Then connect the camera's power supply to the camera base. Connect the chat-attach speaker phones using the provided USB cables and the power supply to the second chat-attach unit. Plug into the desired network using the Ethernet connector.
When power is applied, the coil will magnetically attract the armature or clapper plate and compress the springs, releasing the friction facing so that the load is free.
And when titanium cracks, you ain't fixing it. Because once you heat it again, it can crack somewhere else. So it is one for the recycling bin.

...

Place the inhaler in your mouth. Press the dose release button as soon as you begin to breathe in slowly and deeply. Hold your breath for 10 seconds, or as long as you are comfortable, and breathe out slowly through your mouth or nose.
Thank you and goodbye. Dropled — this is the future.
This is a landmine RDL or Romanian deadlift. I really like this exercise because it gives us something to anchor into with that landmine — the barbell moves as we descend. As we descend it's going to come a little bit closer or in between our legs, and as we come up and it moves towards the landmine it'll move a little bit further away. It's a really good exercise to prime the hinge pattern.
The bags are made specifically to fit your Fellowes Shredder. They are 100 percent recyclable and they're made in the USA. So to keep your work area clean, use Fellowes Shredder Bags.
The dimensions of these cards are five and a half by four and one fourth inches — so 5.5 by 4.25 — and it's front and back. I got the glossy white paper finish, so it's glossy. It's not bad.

==

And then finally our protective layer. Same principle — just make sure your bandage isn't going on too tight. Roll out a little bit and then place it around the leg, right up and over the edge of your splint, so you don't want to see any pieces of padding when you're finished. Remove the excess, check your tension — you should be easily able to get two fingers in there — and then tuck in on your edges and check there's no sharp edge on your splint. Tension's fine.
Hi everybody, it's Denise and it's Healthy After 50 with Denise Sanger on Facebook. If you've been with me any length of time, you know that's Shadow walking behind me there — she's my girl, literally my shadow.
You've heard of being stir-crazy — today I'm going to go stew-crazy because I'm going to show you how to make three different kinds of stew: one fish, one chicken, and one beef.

▸ **TASK**
From the data above, reproduce word for word the lines running from the line with "Then connect the" to the line with "And when titanium", ends included.

▸ **EXPECTED ANSWER**
Then connect the camera's power supply to the camera base. Connect the chat-attach speaker phones using the provided USB cables and the power supply to the second chat-attach unit. Plug into the desired network using the Ethernet connector.
When power is applied, the coil will magnetically attract the armature or clapper plate and compress the springs, releasing the friction facing so that the load is free.
And when titanium cracks, you ain't fixing it. Because once you heat it again, it can crack somewhere else. So it is one for the recycling bin.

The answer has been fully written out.